Ülkemizdeki doğal afetlerden sonra tek olumlu nokta sergilediğimiz dayanışma örneği. Deprem gecesi şehrimiz de dahil olmak üzere Türkiye’den birçok arama ve kurtarma ekibi İzmir’e akın etti, canla başla kurtarma çalışmalarına dahil oldu. İzmir’de birçok otel kapılarını evleri hasar görmüş insanlar için ücretsiz olarak açtı. Birçok kurum ve kuruluş ile hayırseverler erzak yardımında bulundu. ‘İzmir’de zina oluyor, İzmirliler ahlaksız o yüzden bu deprem oldu’ diyen örümcek kafalılara inat Türkiye bir kez daha zor durumlarda nasıl birleştiğini ve tek yürek olduğunu gösterdi. Enkaz altından her vatandaşımız kurtarıldığında hep birlikte sevindik. Bunun için de arama kurtarma çalışmalarına katılan herkese tek tek teşekkür ediyorum. İzmirlilere yardım eli uzatan herkese de minnetlerimi sunuyorum. İyi insanlar iyi ki varsınız.
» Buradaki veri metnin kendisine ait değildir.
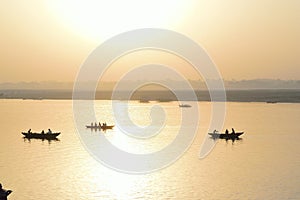 Silhouette tourist boats at Ganges river in Varanasi, India at sunrise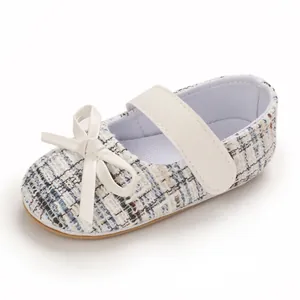 Nahaufnahme eines Prinzessinnen-Babyschuhs aus Tweed mit weißer Schleife und Riemen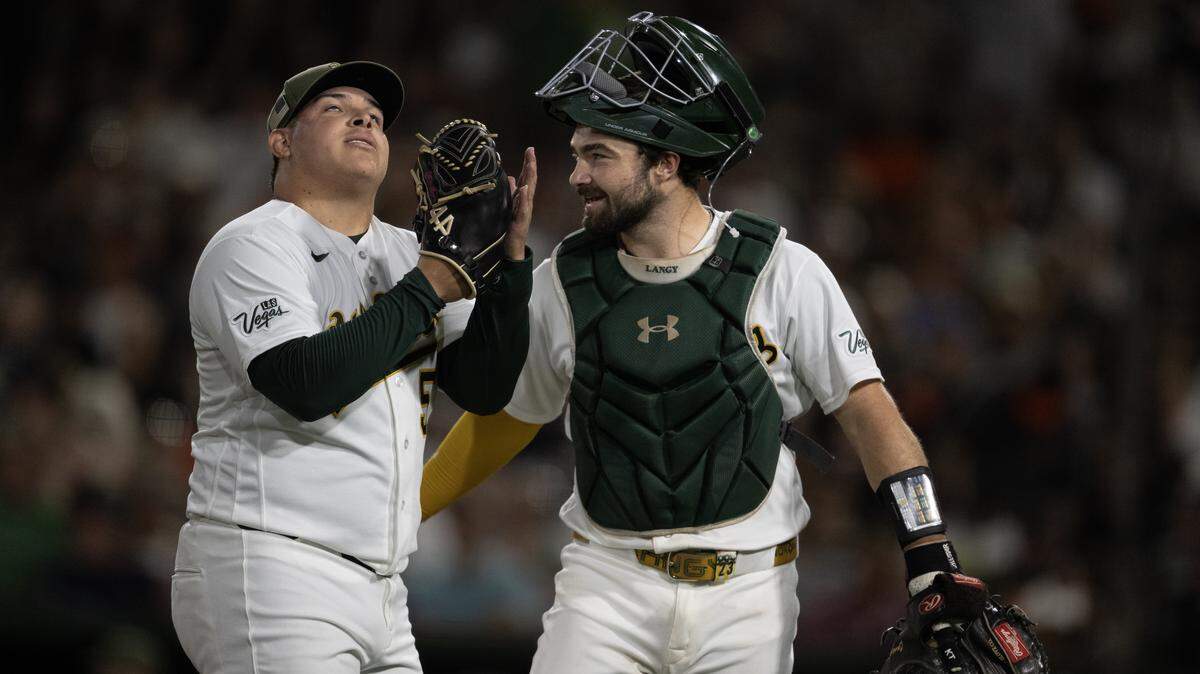 Pitcher José Suarez talks to catcher Shea Langeliers after a pitch at Sutter Health Park.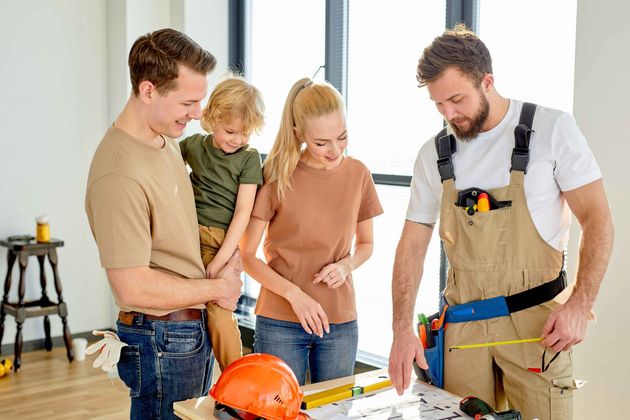 a man is measuring a piece of wood with a tape measure while a family looks on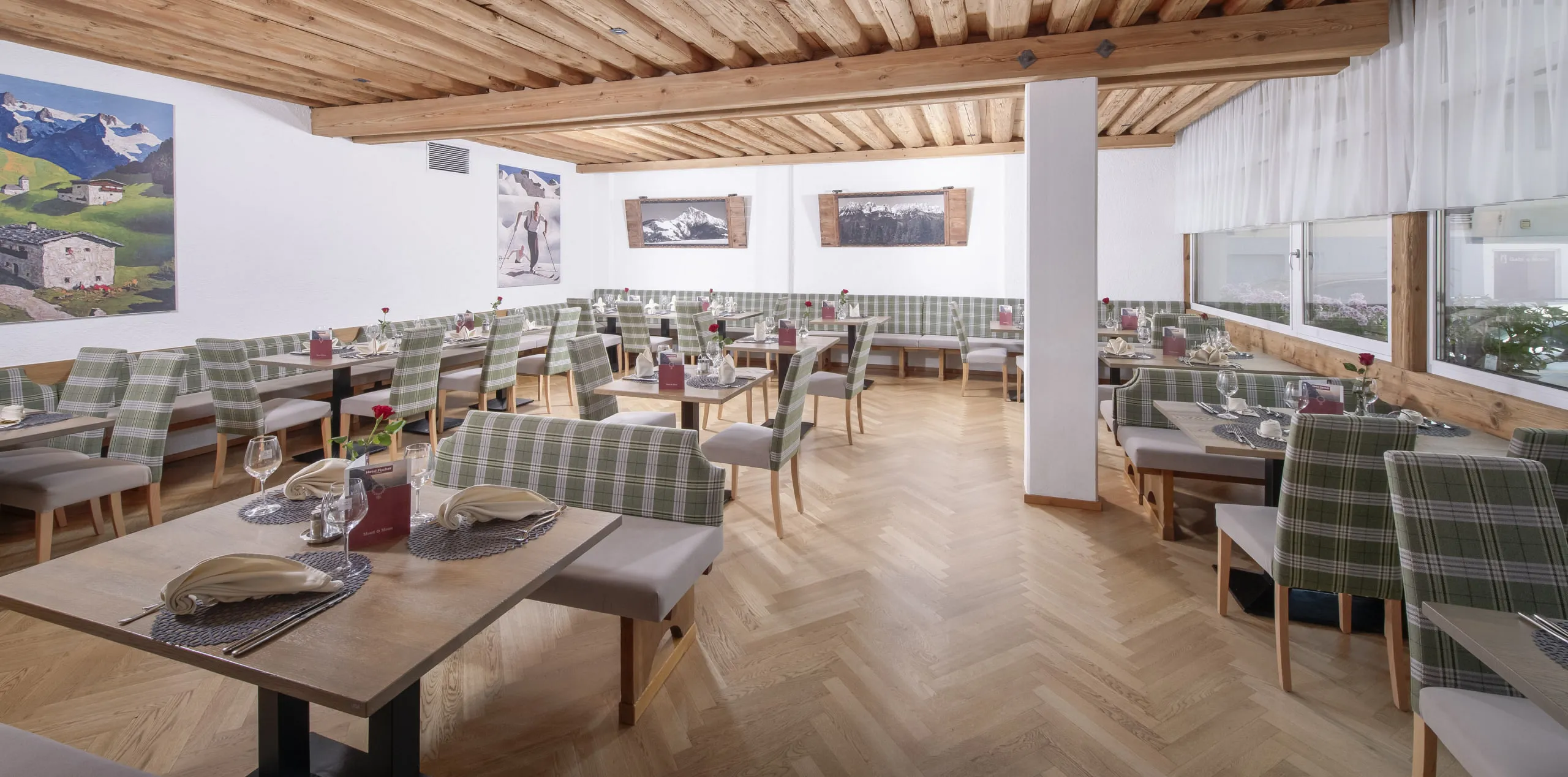 Dining hall with wooden beam ceiling and elegant tables
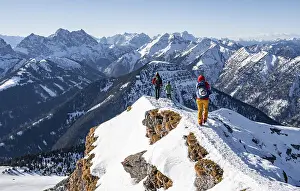 Mountaineers in winter in the snow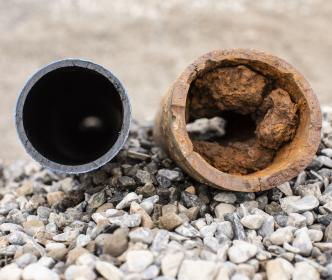 A new pipe next to an old and rusty pipe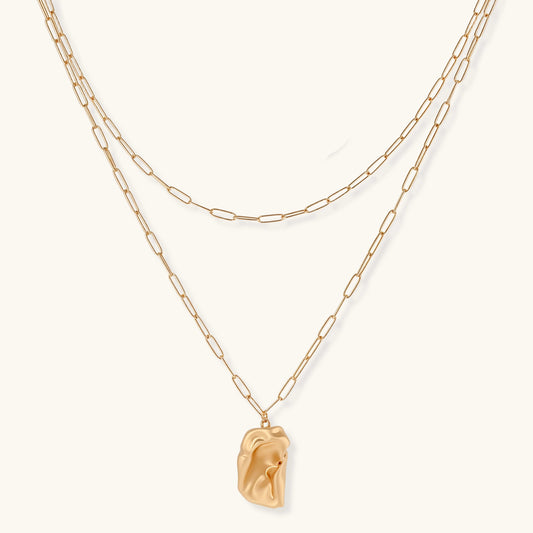 Layered paperclip chain necklace with organic flowing pendant made from eco-zinc alloy in warm gold finish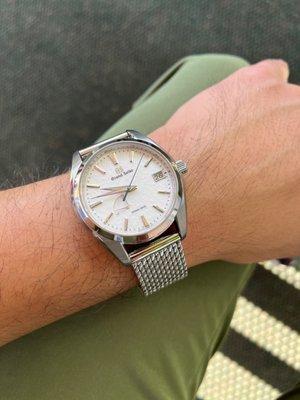 Grand Seiko Snowflake SBGA211 on an aftermarket STAIB Milanese Bracelet. This watch is a strap monster!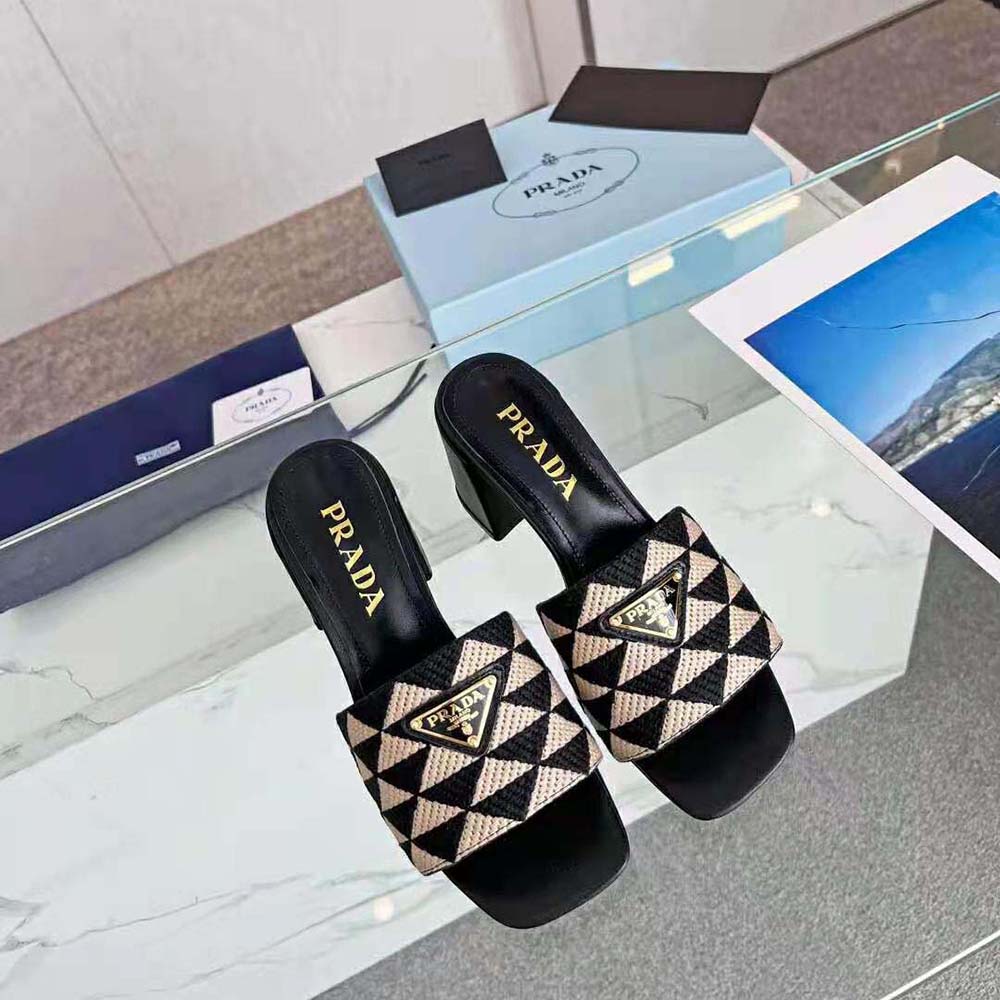 Close-up of buckle and signature hardware on Prada Women Embroidered Fabric Sandals-Black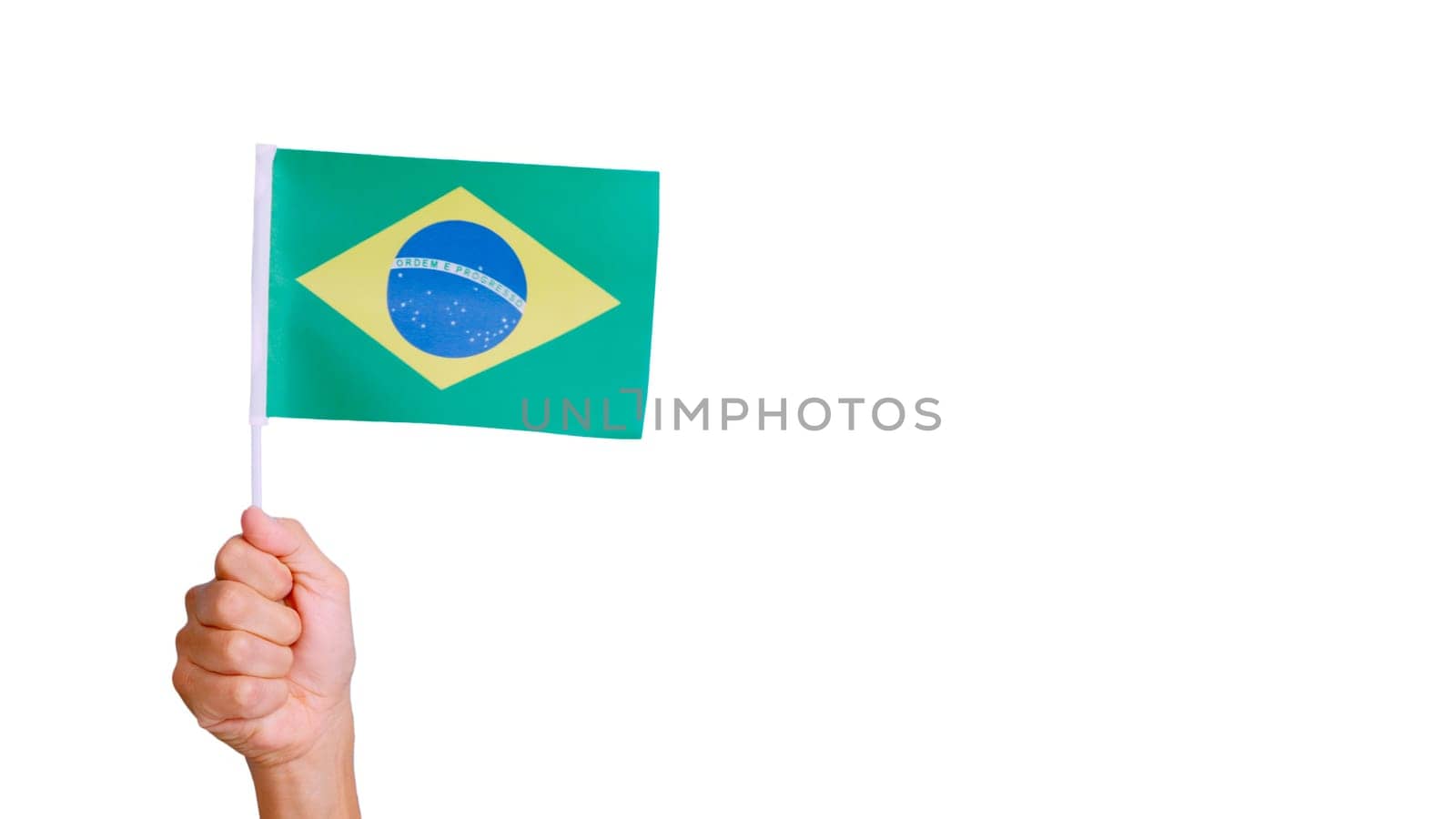 Photo of wind waving a brazilian pennant holding by a hand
CUMHURİYETİMİZİN 97’İNCİ YILI

Ceyhun Yılmaz’ın attığı bir tweet çok hoşuma gitti. ‘İzmir’in gözyaşına ‘Kurtuluş Savaşı’ başlatan memleket 100 sene sonra yine kolkola’ demiş Yılmaz. Gerçekten de az önce bahsettiğim gibi hepimiz deprem ile yine tek yürek olduk. 29 Ekim Cumhuriyet Bayramımızı da tek yürek olarak kutlamıştık. Gazi Mustafa Kemal Atatürk ve silah arkadaşlarının, cephede savaşan Mehmetçiğimizin bize en büyük armağanı olan cumhuriyetimizi, 100 sene sonra hala aynı birlik beraberlik duyguları içerisinde olduğumuzu göstererek de onurlandırdık. Biz bu şekilde dayanışmayı sürdürürsek altından kalkamayacağımız hiçbir zorluk yok. Bu duygu ve düşüncelerimle cumhuriyetimizin 97’inci yılını kutluyorum. Tekrar geçmiş olsun İzmir diyerek bu haftaki yazımı sonlandırıyorum. Umarım göçük altında kalan vatandaşlarımızdan bir an önce iyi haber alırız. Haftaya görüşene dek sağlıcakla kalın.